= Instructions to follow =
Look in the data below for the line that has "Plus Wrap Women", then print exactly every line from there through the line that has "Road Trippin Elastic", leaving pictures out.

= Data in this exercise =
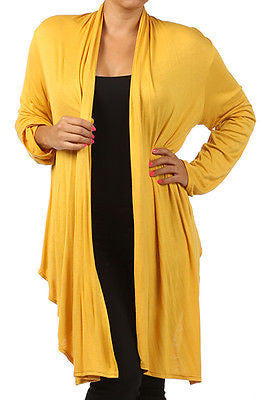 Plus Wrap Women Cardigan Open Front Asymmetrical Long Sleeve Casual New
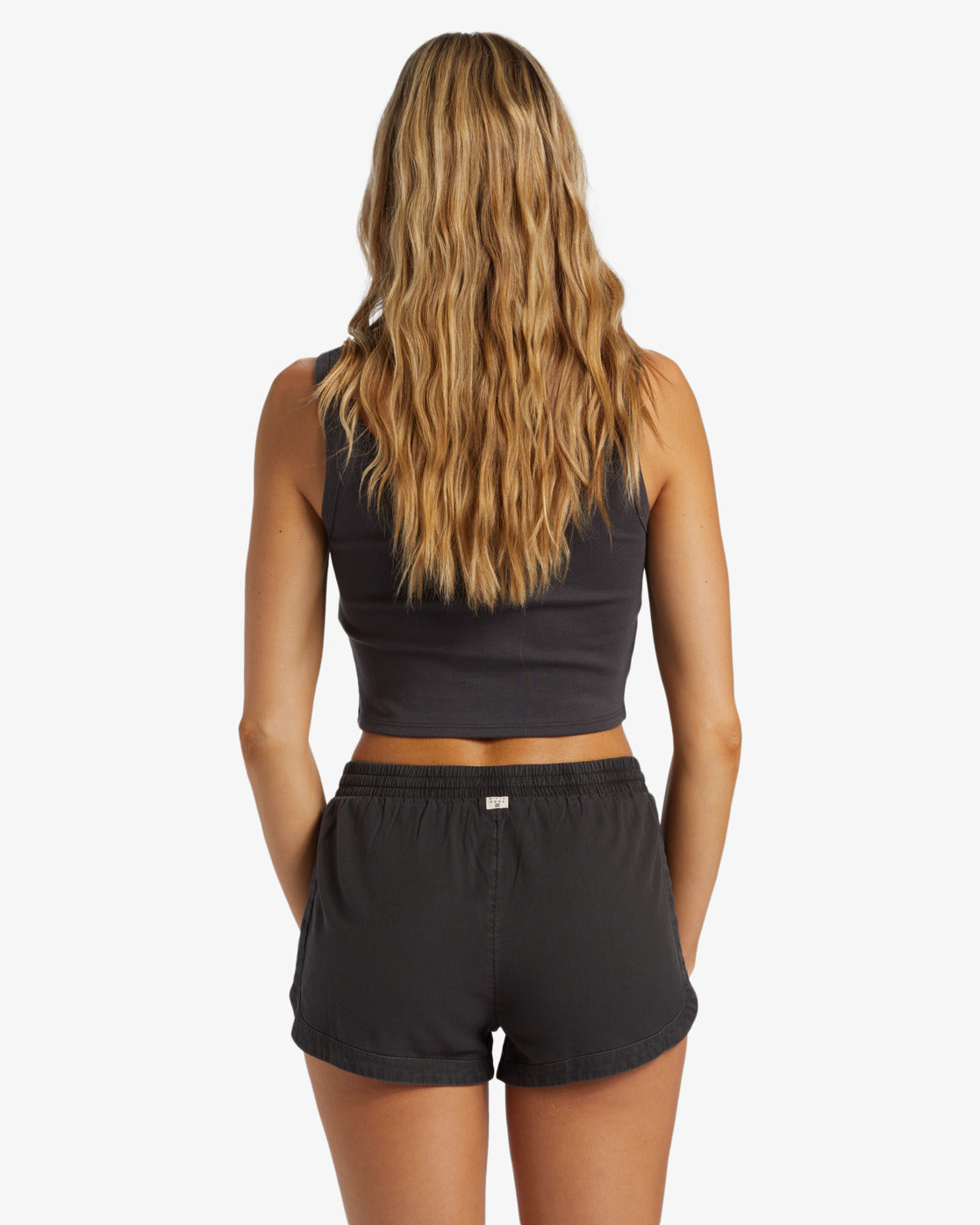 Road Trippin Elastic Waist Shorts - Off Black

---

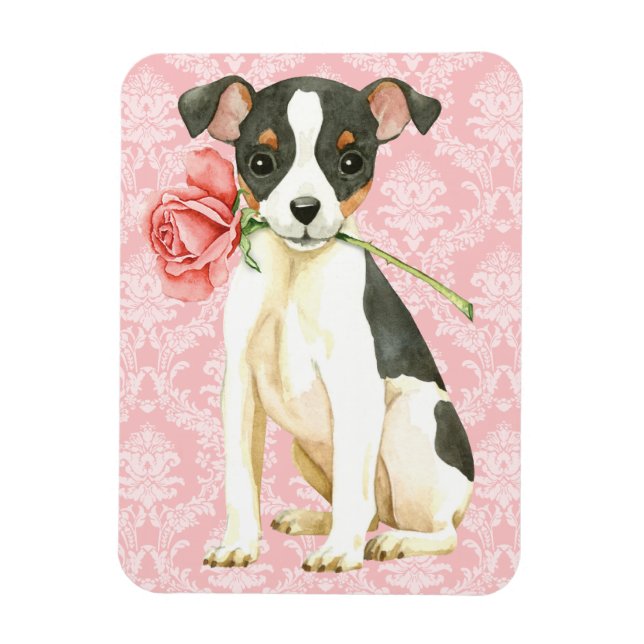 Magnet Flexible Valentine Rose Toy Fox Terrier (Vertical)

= Exercise result =
 Plus Wrap Women Cardigan Open Front Asymmetrical Long Sleeve Casual New
 Road Trippin Elastic Waist Shorts - Off Black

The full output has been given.